If everything has its cause and creator, then what caused and created God? Perhaps God is the only thing that lacks a cause, which is why He is God in the first place-or at least that is what R. W. Mecklenburg thoughtfully proposes in The Deist, his short but sweet deconstruction of God, reason, happiness, and liberty.
God, Mecklenburg says, is the only thing that has always existed without creation. The only immutable thing without change. Absolute without degree. And universal without exception. But clearly God cannot be everywhere, for if He were everywhere, man as a free being could be nowhere.

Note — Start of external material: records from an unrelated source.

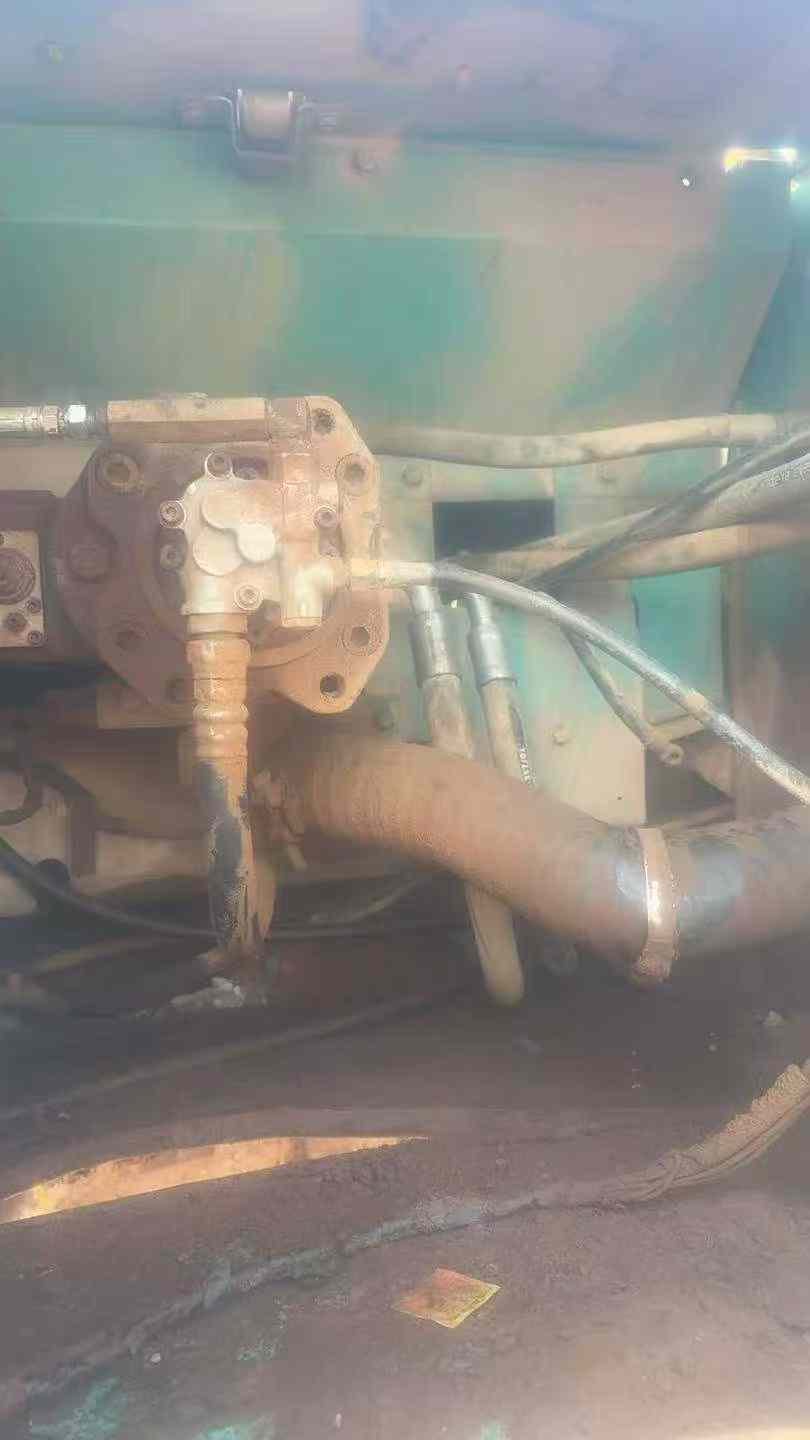 Buy Kobelco SK260LC-8 Used Excavator / 6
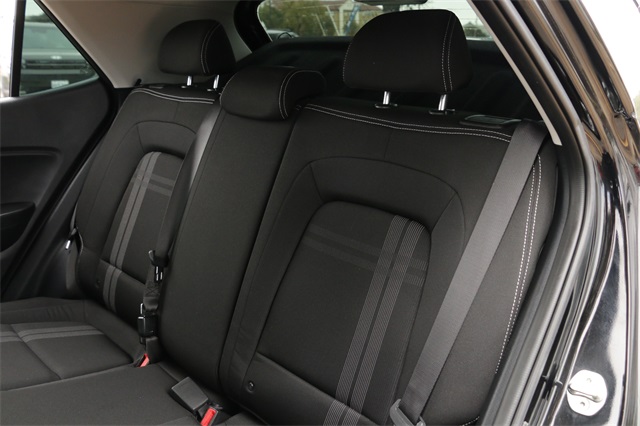 2022 Hyundai Venue SEL Image 12 of 26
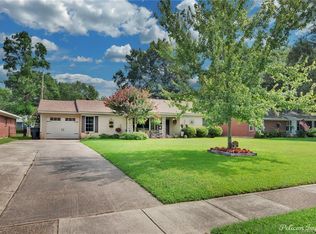 166 Charles Ave, Shreveport, LA 71105
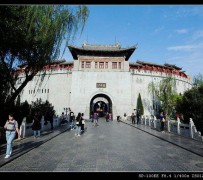 涉县洛阳旅游攻略(洛阳旅游攻略景点必去)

What is everywhere? Mecklenburg asks. The laws of nature are everywhere, absolute, and immutable, he answers. And using reason to align with them maximizes man's happiness, which is life's purpose after all.
Deism is not of the watchmaker God for whom man exists as mere entertainment. If God is absolutely happy, why would he create us to entertain him? How could we make a perfectly happy God happier? Because we cannot, His laws exist for us, not us for Him. They are God's gift to man so we might be as happy as He is.
God is perfectly happy and rational, R. W. Mecklenburg claims in his defense of Deism, the philosophy that helped guide man from the despotic, hateful, and sad God of the martyrs and tyrants to the liberal, loving, and happy God of the Enlightenment-a God worth emulating, not another tyrant erected by men.